Enhance Your User Help Experience with Context-Sensitive Help in Confluence

7 min read /

As technology improves, user onboarding and in-product help are gradually evolving to catch up with customer expectations.

Now more than ever, users desire to interact with technology without interruption, and when they do need assistance, they expect help to be readily available and require little to no effort to access. The longer it takes to find answers, the sooner users become frustrated, submit support tickets, or worse – abandon a product altogether. Instead of relying on clunky help processes, which inevitably frustrate both your support team and your users, context-sensitive help delivers help content when and where a user needs it. 

What is Context-Sensitive Help?

Context-sensitive help delivers help content to users based on the state that an application is in when a user seeks help. So rather than interrupt their workflow by forcing them to browse an online manual or help center for answers, context-sensitive help delivers relevant help content based on the part of the program the user is interacting with. A good example would be providing a link to the roles and permissions documentation at the point when you ask your users to assign permissions for their team. 

At K15t Software, we employ context-sensitive help in our products, allowing users to access relevant documentation at certain locations in our UI. For example, when defining settings for a new template in Scroll PDF Exporter, we ask users if they would like to use page labels as index terms. Assuming some users won't know if they should check this box, we offer a link to our documentation on generating index terms in our Confluence-based help center. The user can quickly learn about index terms on their own and then return to the product with enough context to decide if this is an action they should take: 

Help link in the UI

Context sensitive help link directly opens the article in the Confluence help center

Why Use Context-Sensitive Help?

Context-sensitive help saves time and encourages users to learn on their own by providing the right guidance at the right time, typically in the form of a help article or documentation page. While there will always be a need for documentation on your website or in your help center, context-sensitive help bypasses the clutter when a user just needs quick answers. With context-sensitive help, you significantly increase the usability and adoption of your product, and simultaneously decrease user frustration and customer support ticket volume.

Benefits of Managing Context-Sensitive Help in Confluence

Confluence offers powerful content management and collaborative editing features, making it a great choice for hosting documentation, help content, and even an entire help center website. Once content is authored inside of Confluence, it can be used as a foundation for context-sensitive help. Together with content management apps like Scroll Versions, writers simply author, manage, and update help content directly in Confluence and then make it available as context-sensitive help links in a product's user interface. 
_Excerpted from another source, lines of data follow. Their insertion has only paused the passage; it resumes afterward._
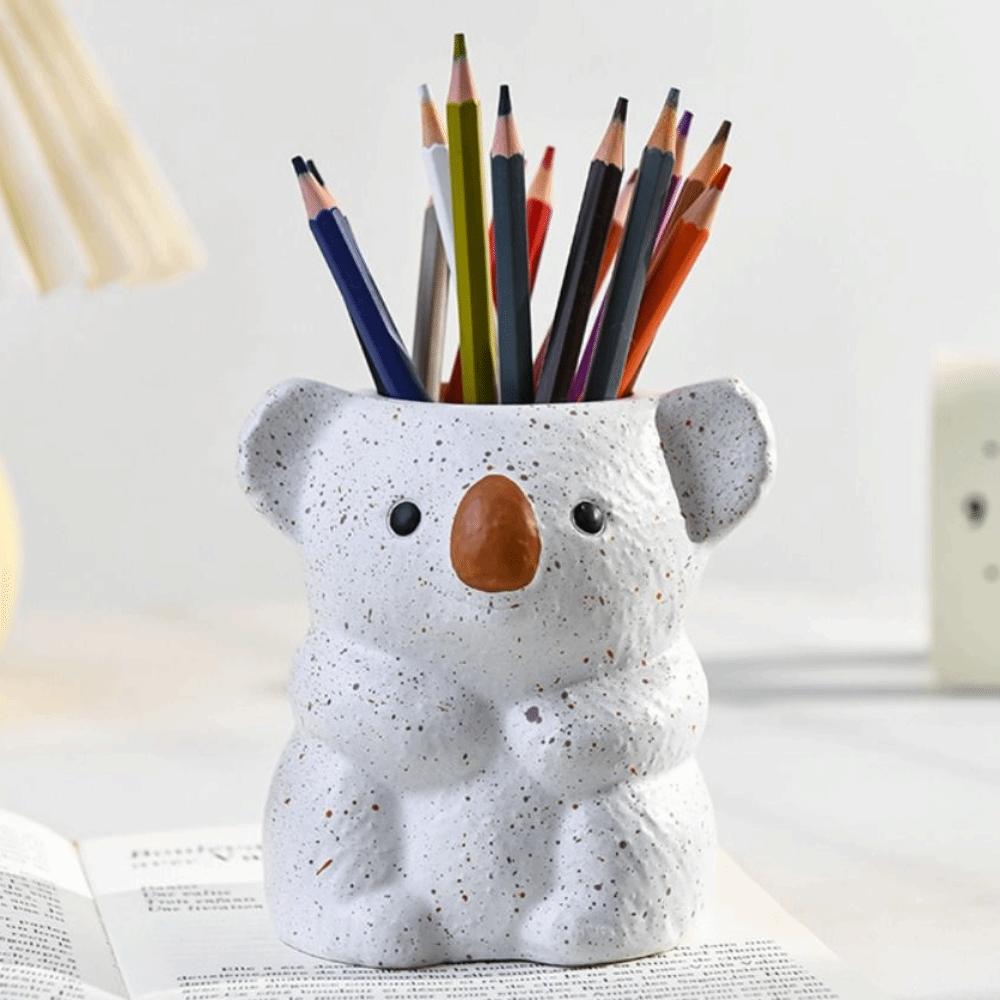 Plastic Koala Storage Box Multi-function Makeup Brush Cylinder Koala Pen Holder  Office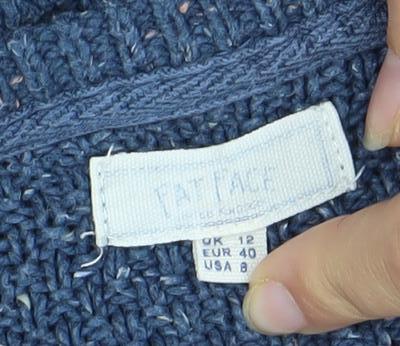 Patract Women's Blue Chunky-Knit Jumper, UK 12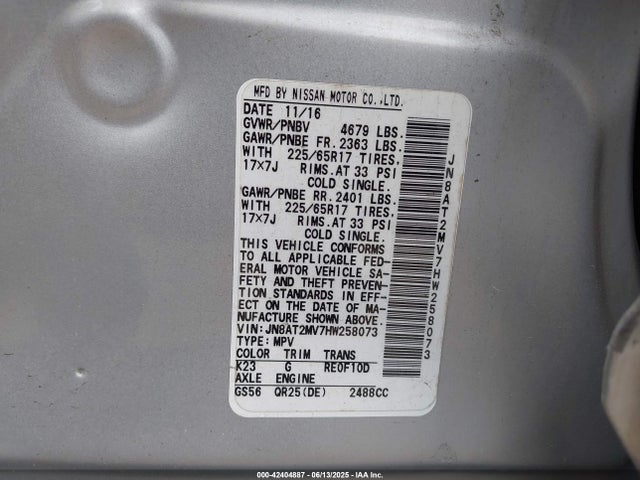 JN8AT2MV7HW258073 Nissan 2017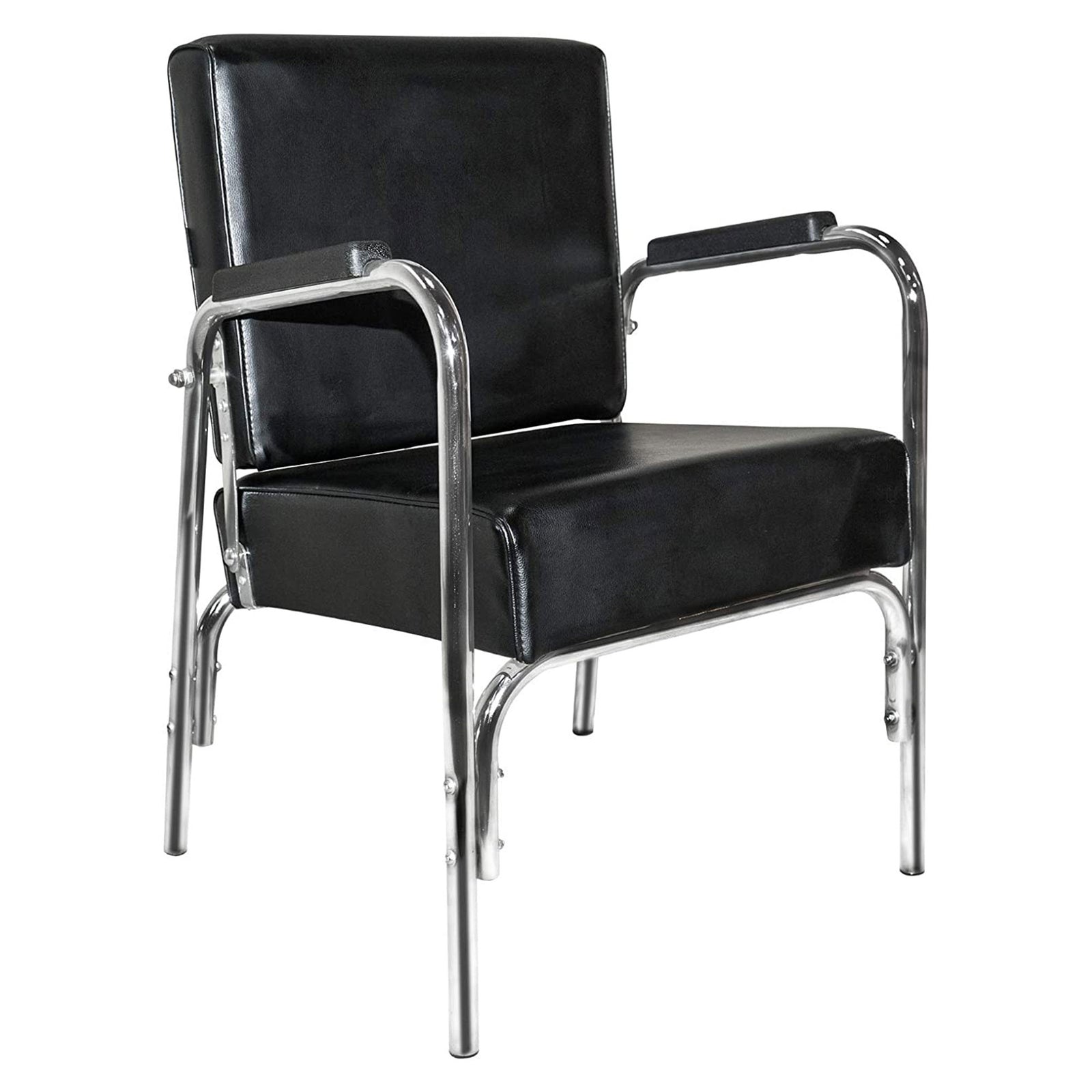 PureSana Chromium Ella Professional Auto Reclining Vinyl Shampoo Chair, Black - VMInnovations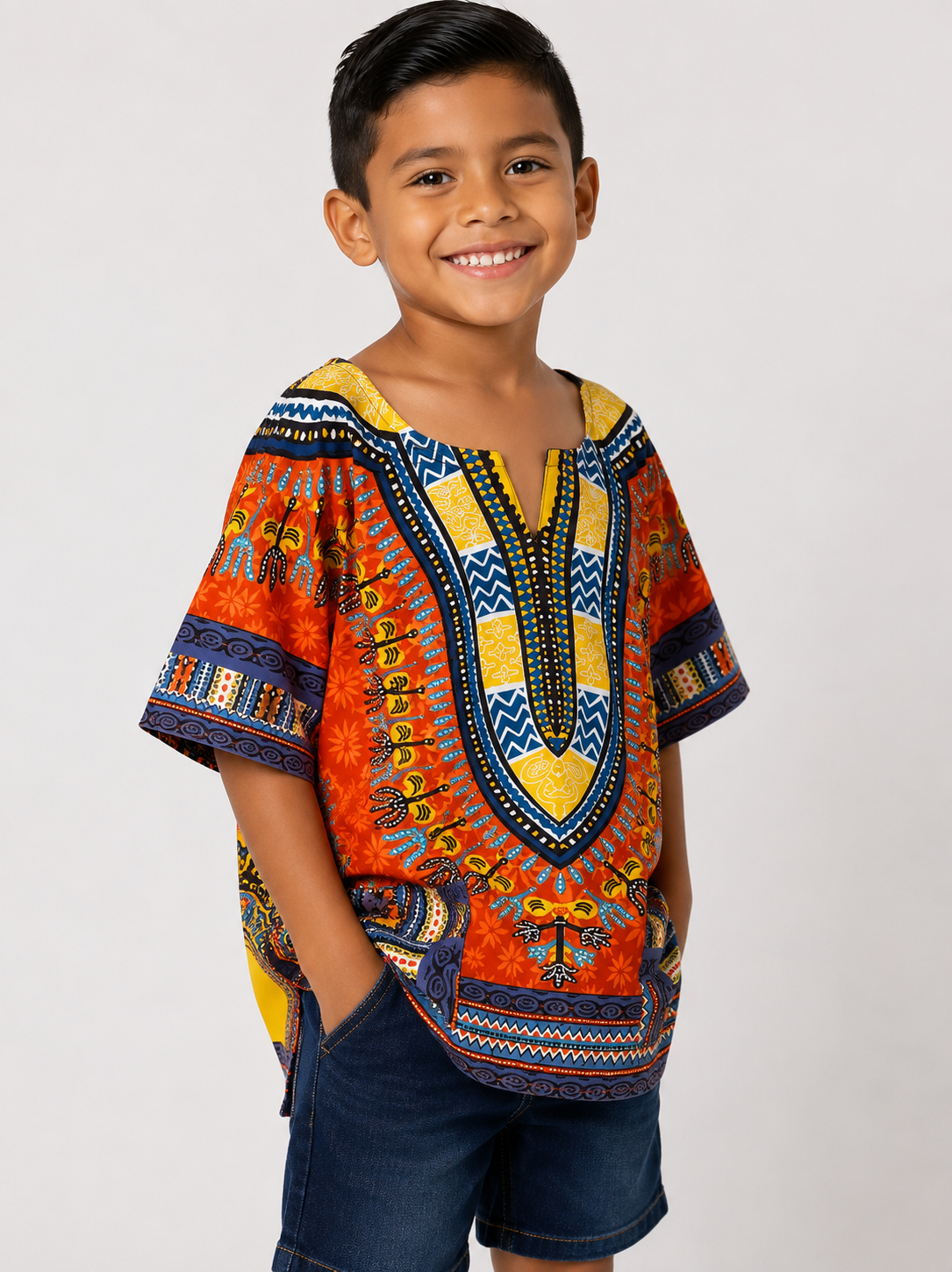 Camisa Dashiki de Niño Afrocaribeño Rojo con Bolsillos (sólo en Tienda Física)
How does it work? Scroll Versions offers a feature called a Page Key which enables the management of context-sensitive help in Confluence. Page keys allow authors to assign a unique identifier to a Confluence page, like a number or a tag, which then becomes the main identifier for that page. So when the page title gets updated, the URL remains stable and can be used for context-sensitive help links in online help libraries or product interfaces. With page keys, authors and tech writers no longer need to:

  • Worry about content updates in Confluence breaking links in help articles or the user interface
  • Keep track of every link in a product interface and spend time updating them if a page is rearranged in a hierarchy 

Customized Context-Sensitive Help in Confluence

And what about the look and feel of the content itself? If you would rather avoid sending your users to a standard Confluence page, the page key feature also works with Scroll Viewport. Scroll Viewport delivers Confluence content directly to a website or a help center and allows you to customize the look and feel of the output. So for folks using Confluence to author help center content, their articles will now match the company style and brand, creating a personalized help experience for their users. 

As demonstrated in the diagram, an author or tech writer maintains help content in a standard Confluence page, which is then displayed through Scroll Viewport as a branded online help article. This article can also be accessed directly via the product user interface as a link or a help button. The page key – 123, for example – is the unique identifier that ensures any updates or changes to the Confluence page will not break the URL across all the locations it's available.

Help content is authored in Confluence, published to a help center using Scroll Viewport, and made available directly from the product UI

Get Started

If you're looking to implement context-sensitive help, there are a number of approaches you could take in Confluence. We recommend taking the first step by implementing page keys for worry-free maintenance of help content and its related links in your user interface. From there, if you're looking for a better way to present your content, Scroll Viewport provides a branded user experience.